BORN IN A MIDWESTERN CITY piled in red brick and green bluffs around a river bend, and the announcement in the paper names her Sara Louise. Parents divorced back when no one was divorced, sent just west to an Indiana sundown town to live with her grandmother. The foundry and basketball gymnasium are dusty with wheat, everything covered in film, except for the famous tree that bursts from the courthouse tower.

 

At ten, she makes the Daily News for winning a school prize. The print calls her Sally Lou.

 

No one knows where the tree in the courthouse came from. A bigtooth aspen, fast growing, caring little for beauty.

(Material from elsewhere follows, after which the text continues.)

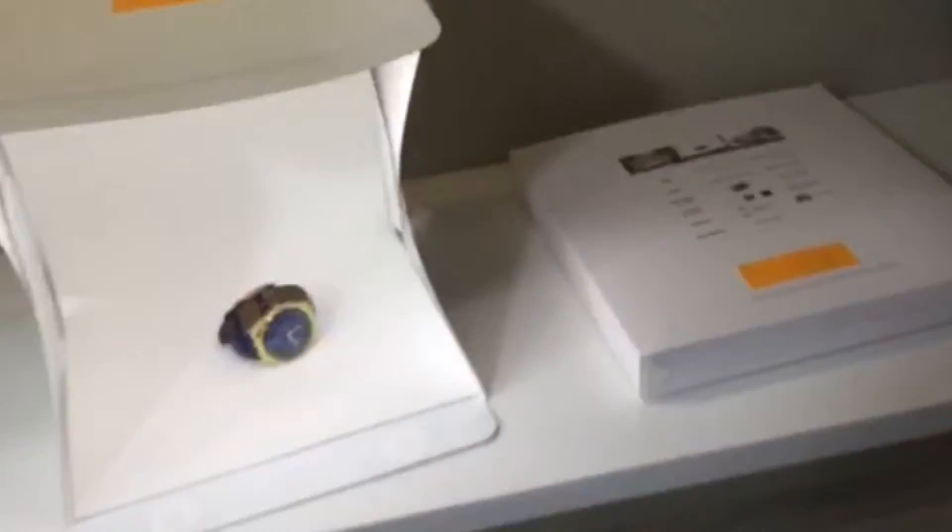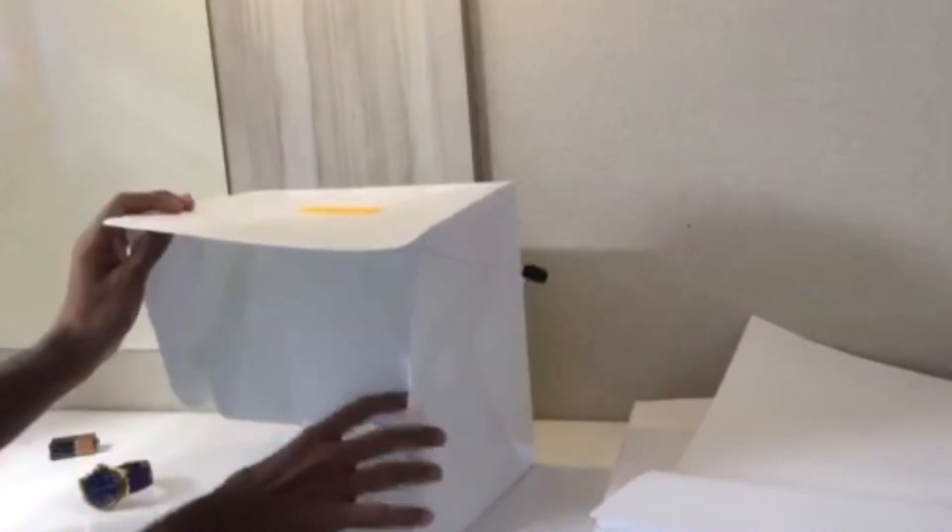Now I'll just show you how simple it is to fold up and carry anywhere you want to. You simply take off the battery, then you simply take off the background. It's magnetically connected, so you just open it up and fold the pieces one by one.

When first spotted by residents, the sprig was thought to be a freak of nature. Soon the tower sprouted a grove, 110 feet above the ground.

 

The Midwest loves a weed, because it comes back without asking.

 

The local paper runs the headline “Mrs. Chas. Zoller Claimed by Death.” The article explains that a popular townswoman suffered “a nervous breakdown six months ago,” which then “caused her to take her own life.” Miss Sally Lou, fourteen, is listed as the woman’s only step-granddaughter.

 

The Midwest doesn’t name its storms. Its winds, its hail. The long seasons when the rain doesn’t show. The closest we come reads like a biblical almanac: the tornado of ’13, the fire of ’49, the great flood of ’93, the pestilence and plagues between. The Midwest doesn’t infantilize destruction with a human name. When people bring their own destruction, we don’t try to explain. We don’t speak of it at all.

 

At nineteen, Sara’s name and picture appear on the Tri Delt page of a college yearbook. She has a boyfriend from the Indiana town, but she didn’t tell him she’d wait for him. After all, she’s in college, and he’s on the ocean at war.

 

The Midwest doesn’t expect you to know where we’re from. To find us on a map, to have the faintest notion. We don’t need you to know everything. We might prefer you didn’t.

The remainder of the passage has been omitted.